── Dataset excerpts ──

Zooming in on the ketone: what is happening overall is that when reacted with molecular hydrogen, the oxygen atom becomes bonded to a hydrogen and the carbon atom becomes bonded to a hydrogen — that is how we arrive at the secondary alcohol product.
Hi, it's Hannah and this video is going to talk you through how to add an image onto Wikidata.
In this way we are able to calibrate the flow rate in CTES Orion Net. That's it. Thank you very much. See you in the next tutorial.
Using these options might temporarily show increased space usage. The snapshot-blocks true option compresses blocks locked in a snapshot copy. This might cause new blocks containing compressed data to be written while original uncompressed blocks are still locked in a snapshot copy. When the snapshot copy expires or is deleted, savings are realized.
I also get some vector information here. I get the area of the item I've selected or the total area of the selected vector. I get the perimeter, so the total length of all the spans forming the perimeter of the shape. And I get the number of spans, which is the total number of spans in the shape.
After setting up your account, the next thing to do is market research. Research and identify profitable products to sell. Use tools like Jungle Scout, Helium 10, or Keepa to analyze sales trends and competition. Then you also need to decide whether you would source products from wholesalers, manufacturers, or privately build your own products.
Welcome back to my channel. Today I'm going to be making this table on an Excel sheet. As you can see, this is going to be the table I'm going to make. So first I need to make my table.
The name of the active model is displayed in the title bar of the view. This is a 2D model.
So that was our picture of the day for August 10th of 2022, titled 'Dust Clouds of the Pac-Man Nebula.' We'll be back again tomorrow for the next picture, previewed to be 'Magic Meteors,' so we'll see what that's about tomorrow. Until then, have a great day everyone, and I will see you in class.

───
── Dataset excerpts ──

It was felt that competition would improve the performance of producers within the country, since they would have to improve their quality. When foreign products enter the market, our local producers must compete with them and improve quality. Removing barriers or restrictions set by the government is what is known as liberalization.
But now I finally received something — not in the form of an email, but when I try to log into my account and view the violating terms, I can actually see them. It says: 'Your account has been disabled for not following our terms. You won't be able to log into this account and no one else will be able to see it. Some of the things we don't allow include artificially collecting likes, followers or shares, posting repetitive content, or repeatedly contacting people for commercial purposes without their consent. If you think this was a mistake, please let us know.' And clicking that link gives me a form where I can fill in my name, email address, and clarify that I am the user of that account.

───

▶ [The problem] Give back, word for word, only the lines above from the line holding "It was felt" to the line holding "But now I finally", both included.

▶ [Output below]
It was felt that competition would improve the performance of producers within the country, since they would have to improve their quality. When foreign products enter the market, our local producers must compete with them and improve quality. Removing barriers or restrictions set by the government is what is known as liberalization.
But now I finally received something — not in the form of an email, but when I try to log into my account and view the violating terms, I can actually see them. It says: 'Your account has been disabled for not following our terms. You won't be able to log into this account and no one else will be able to see it. Some of the things we don't allow include artificially collecting likes, followers or shares, posting repetitive content, or repeatedly contacting people for commercial purposes without their consent. If you think this was a mistake, please let us know.' And clicking that link gives me a form where I can fill in my name, email address, and clarify that I am the user of that account.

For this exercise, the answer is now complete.